For the first time, Shiloh Joe will appear on the shíshálh Nation ballot.
The eldest granddaughter of Diane and Clarence Joe Jr. is stepping forward for consideration as the next hiwus (Chief). Joe said her grandparents had a significant impact on her, as her grandmother instilled strong values in her, while her grandfather was on council when shíshálh Nation signed its self-government agreement in 1986. Joe was three years old at the time.
“It would be such an honour for me to be able to take our self government into its next phases,” she said. “I feel like the baton needs to be picked up. I’m ready and I feel that I have the tools and the skills to be able to do that work.”
“I’d really like to support the community, to have a really strong vision for what we want,” she said, adding that comes through financial and strategic planning. “I see the chief and council as the conduit to bring that vision to life on behalf of community members.”

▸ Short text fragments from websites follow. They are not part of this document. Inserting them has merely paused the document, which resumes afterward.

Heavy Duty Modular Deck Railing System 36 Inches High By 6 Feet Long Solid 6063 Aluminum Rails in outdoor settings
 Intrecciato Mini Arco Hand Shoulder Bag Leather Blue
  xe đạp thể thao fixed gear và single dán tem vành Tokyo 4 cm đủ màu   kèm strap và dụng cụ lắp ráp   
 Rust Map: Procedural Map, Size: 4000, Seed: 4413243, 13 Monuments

Joe is currently a member of the Nation’s senior management as the Community Services Divisional Manager of four years. With six years of community services work, and working with shíshálh Nation council, Joe would bring her administrative and technical skills to the position as hiwus. She is also enrolled in Simon Fraser University as she studies Indigenous business leadership to obtain her master of business administration. Her accomplishments include securing funding for a number of initiatives and programs including the establishment of the Wellness and Recreation Department, housing projects and a supportive family housing program.
“I feel like leadership for us as Indigenous people is about being of service. I've spent the last 20 years in management positions, providing services to people. As I've been moving through my healing journey really deeply in the last 10 years, it really drew me back to working for my community,” Joe said.
Joe is running with her colleagues Rochelle Jones and Nievelina Carmona, who have formed strong working relationships. All come from different families in the community and “learned how to disagree” while maintaining their working relationships. That slate of candidates has been spending time with Elders, hearing about community health and well-being. They’re also speaking to youth, who the Elders have said need to be included as future generations.
The slate’s top three shared priorities are community health and wellbeing — which includes culture, language and housing — inclusive community engagement, and community-driven planning. Her campaign materials also highlight the need for long-term wealth strategy and financial transparency, as well as improving relationships with staff.
Joe also said she wants to modernize the constitution. While there have been many conversations about housing, “it starts with the finances and the planning,” Joe said.
Joe is also hoping to see a good voter turnout on Feb. 18, with the three chief and 10 council candidates, as well as the connection through social media for members who are living away from home.
“No matter what, it’s been a really amazing learning experience,” Joe says of the election campaign.